Exploring 1 million out of 617M proteins on the ESM Metagenomic Atlas website.

There are structure predictions for 617 million genes. The E SM Metagenomic Atlas is a credit.

Deep Mind revealed predicted structures for 220 million proteins this year, and it covered every single one of them. The dark matter of our universe is being filled in by another tech company.

Artificial intelligence has been used by researchers at Meta to predict the structure of hundreds of millions of organisms.

DeepMind's artificial intelligence made a huge leap in solvingProtein structures.

We don't know much about these structures. These are not well known. Alexander Rives is the research lead for Metaai'sProtein team.

The team generated the predictions using a large language model, a type of artificial intelligence that can predict text from a few letters or words.

Language models are trained on a lot of text Rives and his colleagues fed the sequence to the known proteins, which can be expressed by a chain of 20 different amino acids. The network was able to learn to complete the missing parts of the proteins.

Protein ‘autocomplete’

The training gave the network an intuitive understanding of the structure of the proteins. The second step is inspired by DeepMind's AlphaFold and combines insights with information about the relationships between known structure and sequence.

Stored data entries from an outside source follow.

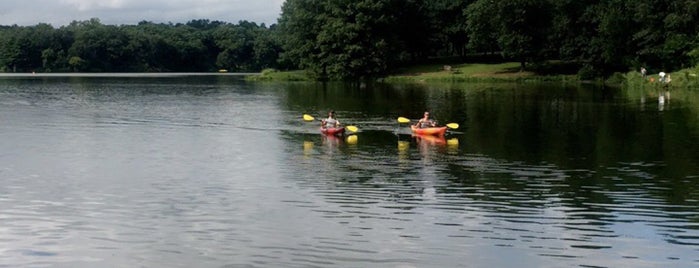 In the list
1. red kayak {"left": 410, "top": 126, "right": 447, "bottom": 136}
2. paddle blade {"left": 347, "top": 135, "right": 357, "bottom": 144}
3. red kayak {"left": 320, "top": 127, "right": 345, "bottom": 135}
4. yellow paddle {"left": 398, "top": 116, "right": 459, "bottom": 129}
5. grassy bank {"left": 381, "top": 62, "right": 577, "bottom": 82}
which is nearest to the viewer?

AlphaFold is 60 times faster at predicting structures than Meta's network, but it isn't as accurate. Structural prediction can be scaled to larger databases.

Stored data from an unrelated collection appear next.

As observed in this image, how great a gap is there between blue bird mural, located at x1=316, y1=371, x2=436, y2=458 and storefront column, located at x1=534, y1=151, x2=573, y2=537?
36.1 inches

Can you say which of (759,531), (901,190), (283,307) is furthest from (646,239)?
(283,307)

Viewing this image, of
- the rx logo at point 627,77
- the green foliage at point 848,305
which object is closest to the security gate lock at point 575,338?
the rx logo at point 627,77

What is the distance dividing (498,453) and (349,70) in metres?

As a test case, they decided to use their model on a database of genetic material from environmental sources. Most of the genes come from organisms that have never been cultured and are not known to science.

The structures of more than 617 million genes were predicted. It took 2 weeks for the effort to be completed. The predictions are free for anyone to use.

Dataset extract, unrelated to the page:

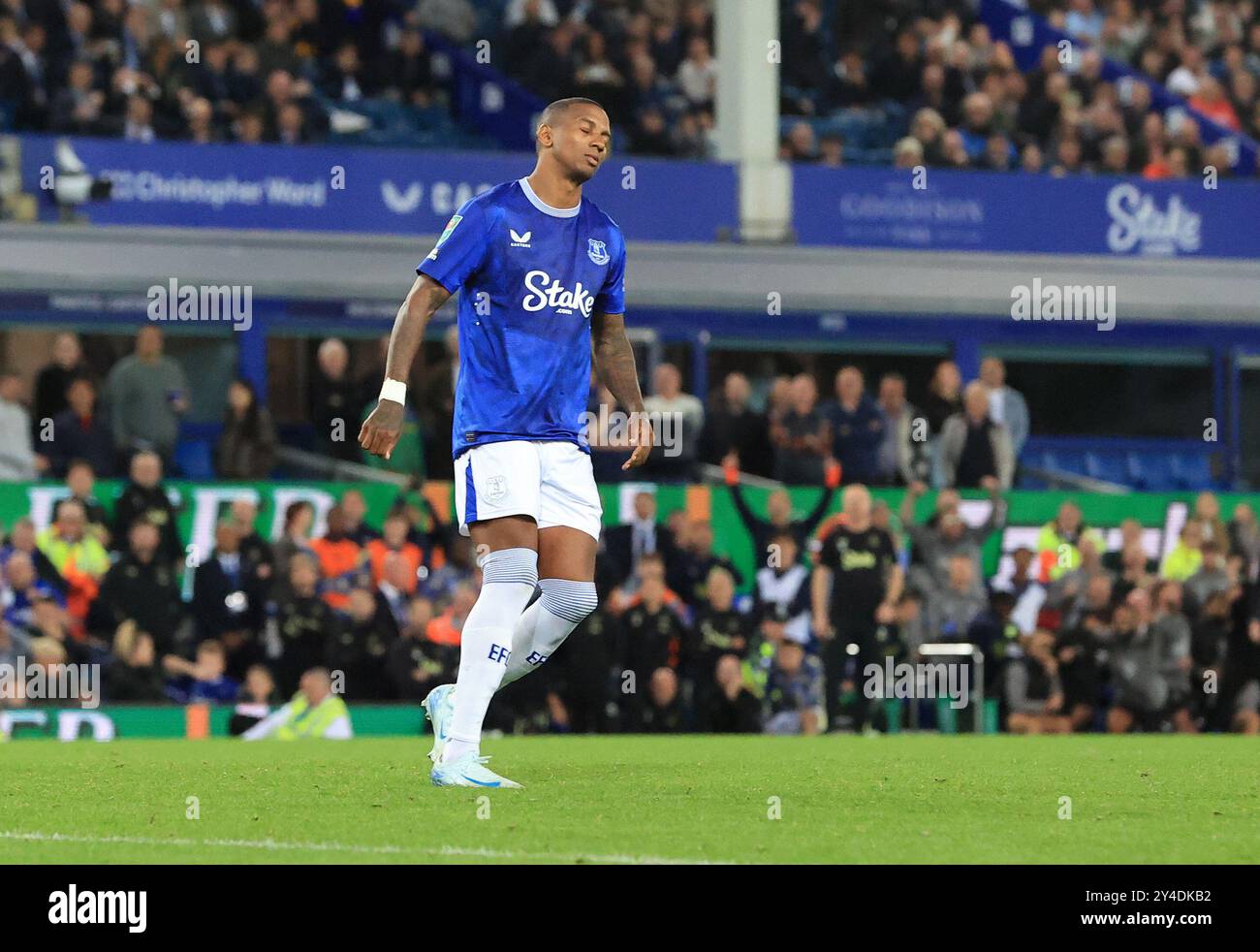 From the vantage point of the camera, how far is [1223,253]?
24438 mm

The next steps for AlphaFold and the revolution of artificial intelligence.

More than one-third of the predictions were deemed to be high quality, which meant that researchers could have confidence in the overall shape of the molecule. In the AlphaFold database of predictions from known organisms, millions of these structures are completely new.

A large part of the AlphaFold database is made of structures that are nearly identical to each other and should cover a large part of the previously unseenProtein universe. More of the darkness can be undone now.

The evolutionary biologist at Harvard University wondered about the hundreds of millions of predictions made by E SMFold. Some might lack a defined structure, at least in isolation. There is still more than half of the space we don't know anything about.

Leaner, simpler, cheaper

The combination of speed and accuracy of Meta's model was impressed by the Computational Biologist at the Technical University ofMunich. He wonders if it really has an advantage over AlphaFold when it comes to predicting the contents of a metagenomic database. Language model-based prediction methods, including one developed by his team 3, are better suited to determine how a change in the structure of a molecule affects its function. He says that structure prediction will become leaner, simpler and cheaper in the future.

According to a company representative, DeepMind does not currently have plans to include metagenomic structure predictions in its database. Steinegger and his team used a version of AlphaFold to predict the structure of 30 million metagenomic proteins. They are trying to find new forms of their genome-copying enzymes.

Trawling biology's dark matter is the next step for such tools. There will be an explosion in the analysis of these metagenomic structures.